▶ _Work to be completed_
In the entries that follow, find the line containing "Certifik&aacute;t Barum" and the line containing "C.BANNER Top-Grain Leather", then copy exactly everything from the first through the second except the pictures.

[[ Input for this task open ]]

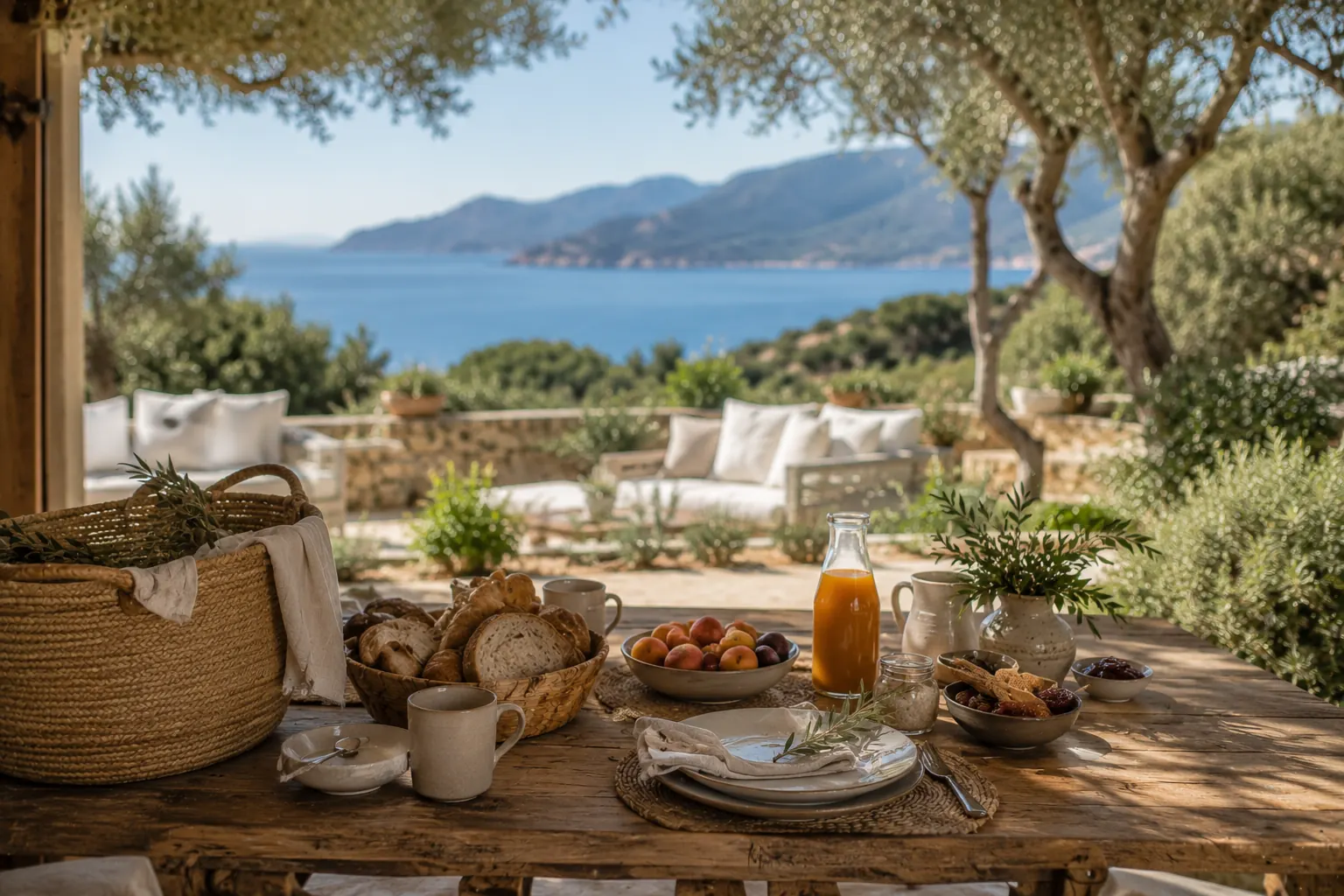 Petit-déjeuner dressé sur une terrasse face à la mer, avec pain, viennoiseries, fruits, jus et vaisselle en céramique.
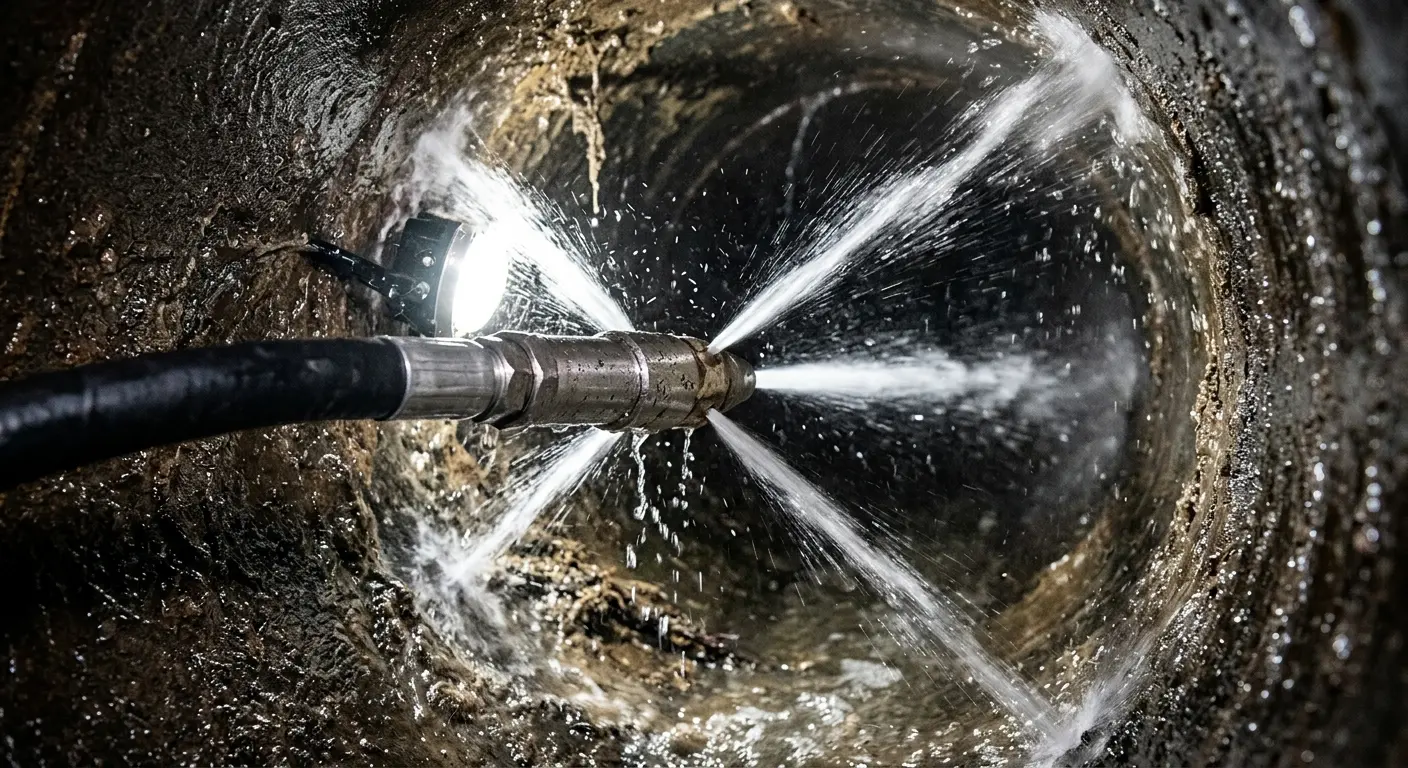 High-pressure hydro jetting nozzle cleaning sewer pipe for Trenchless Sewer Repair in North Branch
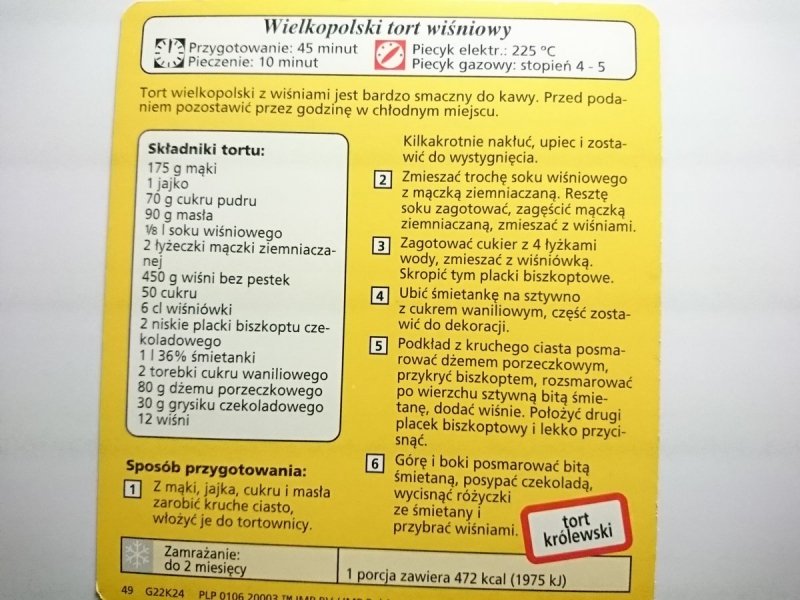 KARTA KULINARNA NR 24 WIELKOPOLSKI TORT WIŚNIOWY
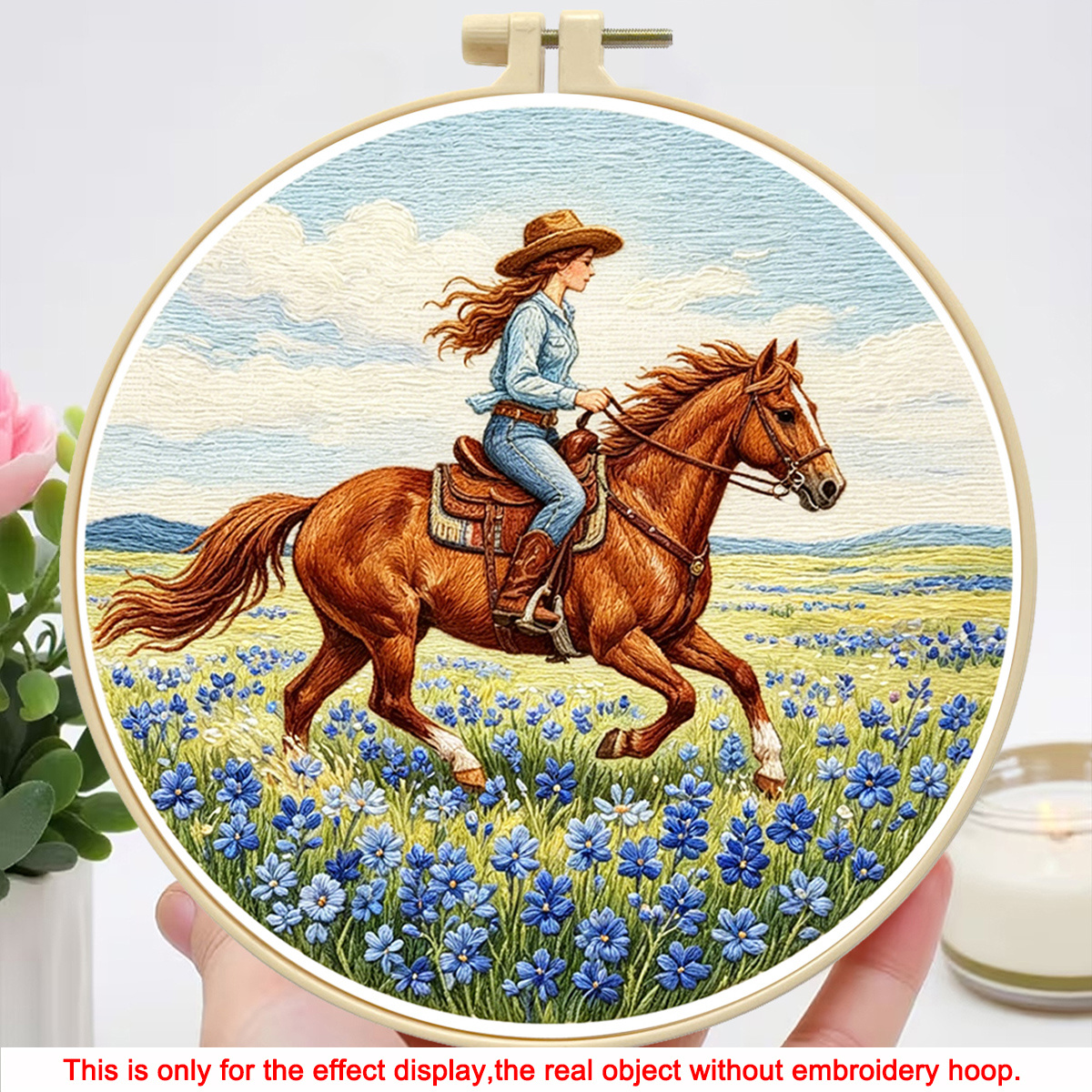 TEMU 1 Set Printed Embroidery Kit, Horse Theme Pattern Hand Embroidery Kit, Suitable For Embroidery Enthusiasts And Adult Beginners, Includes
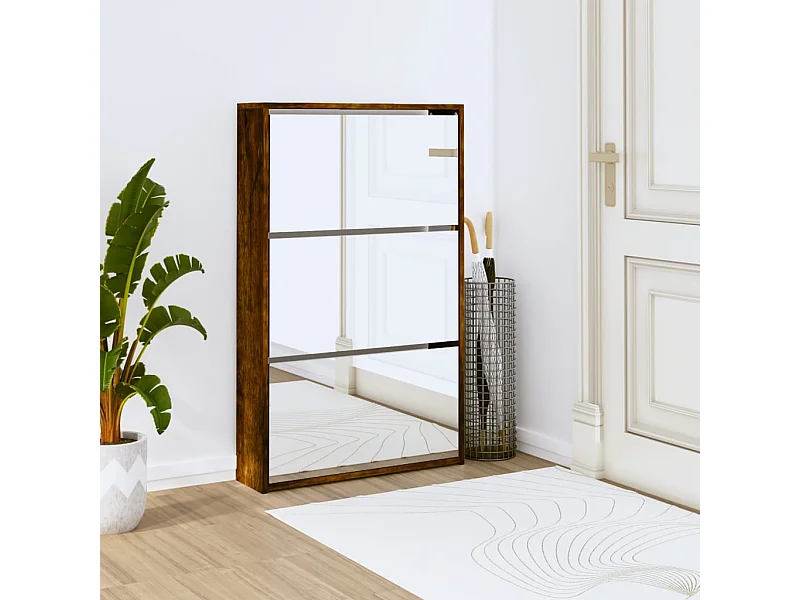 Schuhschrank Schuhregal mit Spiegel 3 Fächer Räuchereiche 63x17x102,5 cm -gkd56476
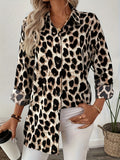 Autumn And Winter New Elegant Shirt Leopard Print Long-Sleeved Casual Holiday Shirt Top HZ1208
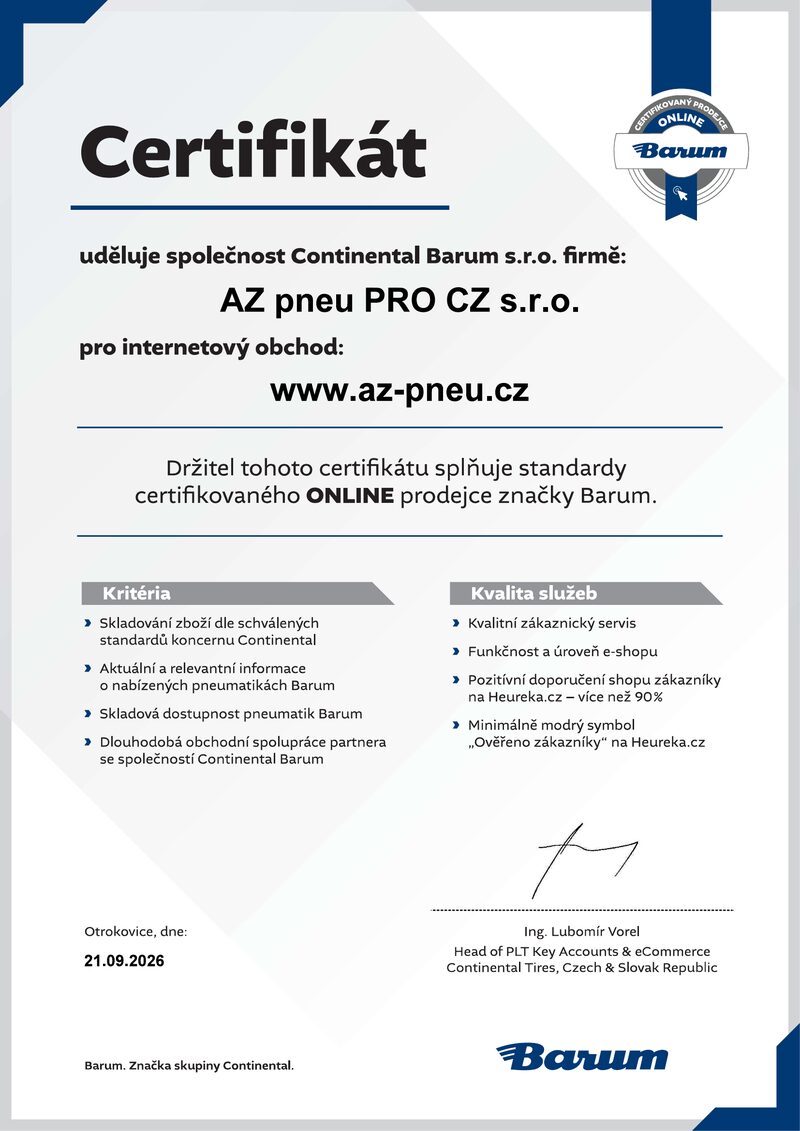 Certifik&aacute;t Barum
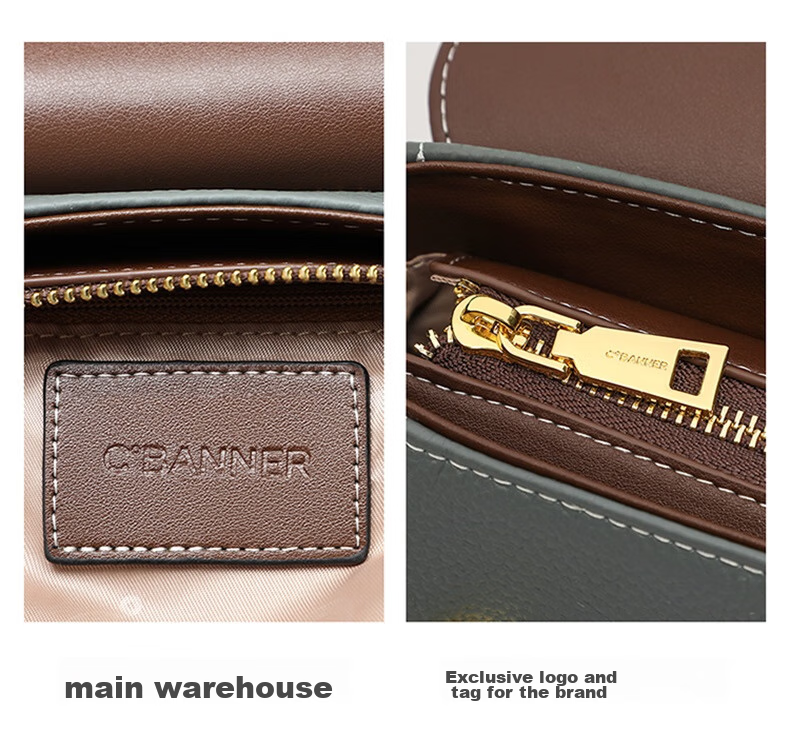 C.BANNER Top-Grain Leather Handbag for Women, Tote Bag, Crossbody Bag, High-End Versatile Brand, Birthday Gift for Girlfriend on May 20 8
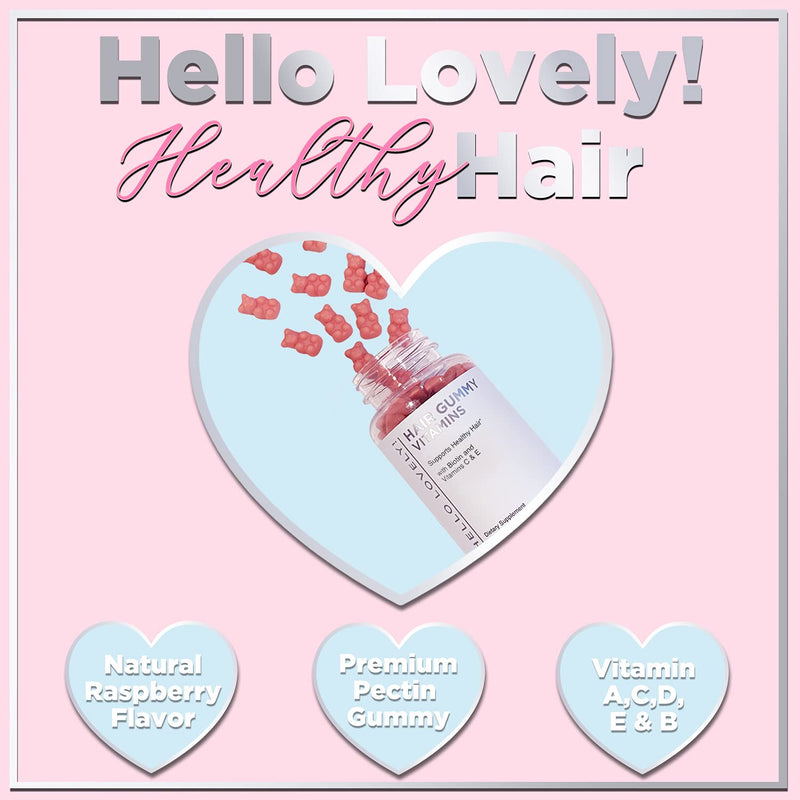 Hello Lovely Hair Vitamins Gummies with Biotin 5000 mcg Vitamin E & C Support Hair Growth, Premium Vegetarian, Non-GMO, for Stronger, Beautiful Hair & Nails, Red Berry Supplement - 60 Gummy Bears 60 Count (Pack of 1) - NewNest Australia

[[ Input for this task closed ]]

▶ _Answer to this exercise_
 Certifik&aacute;t Barum
 C.BANNER Top-Grain Leather Handbag for Women, Tote Bag, Crossbody Bag, High-End Versatile Brand, Birthday Gift for Girlfriend on May 20 8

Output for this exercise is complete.